A full reheat test is useful since we can observe the relationship between COP and cylinder temperature at each point in time through the Heat Pump Monitor’s very helpful ‘COP in window’ report, which allows you to provide an average COP value over any timespan you like. In this instance, the Vaillant system with Mixergy cylinder delivered an average COP of ~4 from fully cold up to 45oC. This dropped to 3.6 as the temperature climbed to its final target of 51oC.

One of the key advantages of the Mixergy cylinder is that we always exchange thermal energy with the coldest part of the cylinder at all times via a plate heat exchanger. This keeps things cool whilst keeping the COP high. This is true irrespective of the Mixergy cylinder’s state of charge.

On the other hand, a coil-based cylinder suffers when reheating from a partial state of charge because its surface area is effectively ‘locked out’ by the thermal energy already present at the outset of the heating event.

You can read more about this in a focussed blog article on this subject in our article Plate heat exchanger vs Coil: the great debate.
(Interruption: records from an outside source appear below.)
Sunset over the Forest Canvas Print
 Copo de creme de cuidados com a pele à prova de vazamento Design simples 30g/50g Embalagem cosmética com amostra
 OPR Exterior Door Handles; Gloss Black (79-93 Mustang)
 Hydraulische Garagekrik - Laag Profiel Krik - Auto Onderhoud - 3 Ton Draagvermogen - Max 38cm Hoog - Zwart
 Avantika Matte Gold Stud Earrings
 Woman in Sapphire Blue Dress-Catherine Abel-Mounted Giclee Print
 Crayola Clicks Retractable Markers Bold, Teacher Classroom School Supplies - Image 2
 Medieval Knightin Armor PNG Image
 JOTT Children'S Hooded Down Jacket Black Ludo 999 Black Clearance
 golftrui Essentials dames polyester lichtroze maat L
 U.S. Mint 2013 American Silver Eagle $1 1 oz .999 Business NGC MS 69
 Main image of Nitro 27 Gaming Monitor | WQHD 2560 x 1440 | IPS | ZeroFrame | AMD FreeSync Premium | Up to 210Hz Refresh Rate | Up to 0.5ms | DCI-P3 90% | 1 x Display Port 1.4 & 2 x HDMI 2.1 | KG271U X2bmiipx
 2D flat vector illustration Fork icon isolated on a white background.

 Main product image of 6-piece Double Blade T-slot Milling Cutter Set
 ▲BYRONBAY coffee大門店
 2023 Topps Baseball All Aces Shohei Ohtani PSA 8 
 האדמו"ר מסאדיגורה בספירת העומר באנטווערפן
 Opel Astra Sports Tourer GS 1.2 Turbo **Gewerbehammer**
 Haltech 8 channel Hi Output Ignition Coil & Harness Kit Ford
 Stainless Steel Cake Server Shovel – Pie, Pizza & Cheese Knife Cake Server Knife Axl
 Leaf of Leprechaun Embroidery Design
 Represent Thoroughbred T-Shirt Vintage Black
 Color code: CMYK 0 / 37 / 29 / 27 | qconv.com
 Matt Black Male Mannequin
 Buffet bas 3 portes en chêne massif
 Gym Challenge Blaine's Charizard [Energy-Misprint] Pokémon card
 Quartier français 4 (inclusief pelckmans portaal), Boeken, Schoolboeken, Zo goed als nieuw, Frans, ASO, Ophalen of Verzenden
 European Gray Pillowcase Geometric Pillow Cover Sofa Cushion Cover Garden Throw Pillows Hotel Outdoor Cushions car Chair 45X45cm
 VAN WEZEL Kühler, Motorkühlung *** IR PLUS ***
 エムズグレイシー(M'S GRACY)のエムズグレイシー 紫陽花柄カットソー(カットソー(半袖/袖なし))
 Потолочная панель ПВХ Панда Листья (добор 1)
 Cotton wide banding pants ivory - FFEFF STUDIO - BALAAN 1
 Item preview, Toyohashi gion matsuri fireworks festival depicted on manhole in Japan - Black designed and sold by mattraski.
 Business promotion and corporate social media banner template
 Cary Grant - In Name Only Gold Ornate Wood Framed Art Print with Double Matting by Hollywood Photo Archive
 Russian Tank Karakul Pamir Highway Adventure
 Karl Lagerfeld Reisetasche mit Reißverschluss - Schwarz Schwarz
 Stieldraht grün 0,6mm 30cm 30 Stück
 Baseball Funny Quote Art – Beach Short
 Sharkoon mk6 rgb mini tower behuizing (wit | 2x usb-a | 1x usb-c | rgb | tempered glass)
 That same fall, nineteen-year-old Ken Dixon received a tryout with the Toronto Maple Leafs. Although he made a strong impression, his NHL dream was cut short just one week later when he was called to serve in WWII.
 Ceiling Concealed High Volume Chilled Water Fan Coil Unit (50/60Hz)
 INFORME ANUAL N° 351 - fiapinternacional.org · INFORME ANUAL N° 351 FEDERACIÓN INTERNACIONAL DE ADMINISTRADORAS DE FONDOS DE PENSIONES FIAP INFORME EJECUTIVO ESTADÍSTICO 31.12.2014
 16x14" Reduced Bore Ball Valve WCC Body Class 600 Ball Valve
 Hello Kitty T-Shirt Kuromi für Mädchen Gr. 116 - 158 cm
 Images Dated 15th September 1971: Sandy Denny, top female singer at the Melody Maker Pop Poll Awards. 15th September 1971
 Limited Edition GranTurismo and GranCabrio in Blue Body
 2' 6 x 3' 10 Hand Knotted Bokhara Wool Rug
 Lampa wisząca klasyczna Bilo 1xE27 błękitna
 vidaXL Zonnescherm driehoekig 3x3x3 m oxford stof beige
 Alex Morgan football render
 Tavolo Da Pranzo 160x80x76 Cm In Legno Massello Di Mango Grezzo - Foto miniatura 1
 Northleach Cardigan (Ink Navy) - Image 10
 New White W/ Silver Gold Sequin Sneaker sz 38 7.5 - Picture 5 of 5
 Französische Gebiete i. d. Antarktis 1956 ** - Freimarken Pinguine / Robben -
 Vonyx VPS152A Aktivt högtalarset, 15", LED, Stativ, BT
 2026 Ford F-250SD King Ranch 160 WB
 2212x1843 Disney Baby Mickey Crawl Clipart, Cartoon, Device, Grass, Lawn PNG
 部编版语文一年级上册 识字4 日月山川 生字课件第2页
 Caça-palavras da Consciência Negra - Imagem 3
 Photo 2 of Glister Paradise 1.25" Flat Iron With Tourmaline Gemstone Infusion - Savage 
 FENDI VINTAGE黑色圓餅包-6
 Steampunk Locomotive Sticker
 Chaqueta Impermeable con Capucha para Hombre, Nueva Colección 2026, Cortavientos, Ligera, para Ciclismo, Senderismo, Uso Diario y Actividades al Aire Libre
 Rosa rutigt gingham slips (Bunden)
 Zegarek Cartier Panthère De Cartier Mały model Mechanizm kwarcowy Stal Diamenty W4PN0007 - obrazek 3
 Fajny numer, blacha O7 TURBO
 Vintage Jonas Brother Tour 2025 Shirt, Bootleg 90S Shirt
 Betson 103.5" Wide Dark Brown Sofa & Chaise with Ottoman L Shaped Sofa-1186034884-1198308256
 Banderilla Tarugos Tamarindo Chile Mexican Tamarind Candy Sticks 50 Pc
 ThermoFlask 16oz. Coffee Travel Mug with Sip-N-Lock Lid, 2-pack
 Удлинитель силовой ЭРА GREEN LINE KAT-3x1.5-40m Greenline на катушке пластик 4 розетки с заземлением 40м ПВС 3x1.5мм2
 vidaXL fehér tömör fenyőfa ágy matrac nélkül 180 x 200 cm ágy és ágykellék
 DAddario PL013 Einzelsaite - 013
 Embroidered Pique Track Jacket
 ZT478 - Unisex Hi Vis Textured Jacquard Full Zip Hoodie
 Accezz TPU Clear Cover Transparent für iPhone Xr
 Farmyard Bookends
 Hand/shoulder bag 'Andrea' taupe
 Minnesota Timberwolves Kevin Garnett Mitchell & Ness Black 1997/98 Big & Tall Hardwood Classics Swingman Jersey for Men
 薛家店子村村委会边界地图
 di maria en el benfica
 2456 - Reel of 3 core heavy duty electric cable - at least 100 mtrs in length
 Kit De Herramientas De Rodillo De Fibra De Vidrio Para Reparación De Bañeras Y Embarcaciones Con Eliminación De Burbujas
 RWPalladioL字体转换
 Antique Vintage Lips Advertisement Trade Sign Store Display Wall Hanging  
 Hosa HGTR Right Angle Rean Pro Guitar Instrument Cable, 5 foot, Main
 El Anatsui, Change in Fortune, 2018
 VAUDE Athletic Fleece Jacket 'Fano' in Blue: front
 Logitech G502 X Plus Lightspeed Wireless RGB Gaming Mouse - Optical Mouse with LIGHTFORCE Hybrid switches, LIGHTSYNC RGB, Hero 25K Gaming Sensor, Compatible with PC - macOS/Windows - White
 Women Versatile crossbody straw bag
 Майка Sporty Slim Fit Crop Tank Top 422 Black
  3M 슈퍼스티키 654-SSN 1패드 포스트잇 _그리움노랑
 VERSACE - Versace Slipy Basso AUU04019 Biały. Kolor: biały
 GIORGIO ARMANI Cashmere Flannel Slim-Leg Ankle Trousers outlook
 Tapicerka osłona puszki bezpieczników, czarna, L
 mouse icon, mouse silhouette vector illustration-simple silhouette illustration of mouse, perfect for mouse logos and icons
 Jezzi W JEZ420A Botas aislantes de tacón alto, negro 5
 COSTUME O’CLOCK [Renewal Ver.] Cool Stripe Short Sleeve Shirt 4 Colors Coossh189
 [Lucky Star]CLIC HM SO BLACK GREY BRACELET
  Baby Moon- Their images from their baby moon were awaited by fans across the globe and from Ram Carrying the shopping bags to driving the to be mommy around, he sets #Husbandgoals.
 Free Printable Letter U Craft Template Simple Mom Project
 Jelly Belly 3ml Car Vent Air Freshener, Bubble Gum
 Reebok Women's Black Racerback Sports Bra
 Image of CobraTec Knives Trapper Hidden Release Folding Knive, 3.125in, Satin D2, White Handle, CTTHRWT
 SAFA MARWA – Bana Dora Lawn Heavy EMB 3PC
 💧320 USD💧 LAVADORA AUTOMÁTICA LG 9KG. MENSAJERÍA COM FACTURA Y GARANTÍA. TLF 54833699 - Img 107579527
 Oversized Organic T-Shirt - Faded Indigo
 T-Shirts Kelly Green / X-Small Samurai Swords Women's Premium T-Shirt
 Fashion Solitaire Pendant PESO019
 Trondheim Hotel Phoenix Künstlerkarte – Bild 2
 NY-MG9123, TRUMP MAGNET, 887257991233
Over time, as we build up a better picture of real-world data, we can begin to get a fuller understanding of this benefit. However, we can already see the poor COP values that coil cylinders can suffer from:

A graph showing an example of a coil-based cylinder heating with a Nibe system from a partial state of charge
Figure 4: Example of a coil-based cylinder heating with a Nibe system from a partial state of charge; due to the very poor heat transfer, we are seeing a COP of less than one in this instance – this system, however, delivers a high sCOP overall because the space heating design is very efficient and the hot water consumption, relative to space heating consumption is low.

The benefits of a Mixergy cylinder don’t stop there. In addition to delivering the highest COP during partial reheats, the Mixergy cylinder also features the following:

  1. State of charge monitoring so that you always know if there’s enough heat to cover the day
  2. The ability to set an intelligent heating schedule driven by state of charge rather than a single temperature set point (this means we can wait until the right time to fully reheat the cylinder rather than at an arbitrary point in time, depending on where the cylinder probe is located)
  3. Future-proofing through connected control so that the system can work most effectively with smart tariffs

We want to thank the team behind Heat Pump Monitor for making real-world, real-time data available.

Alongside this, we undertake testing in our lab within an environmental test chamber (this helps us to create repeatable tests in a controlled environment (which we will outline in a future article).  Combining these tests with the field data provided by Heat Pump Monitor is truly invaluable when developing products in the home.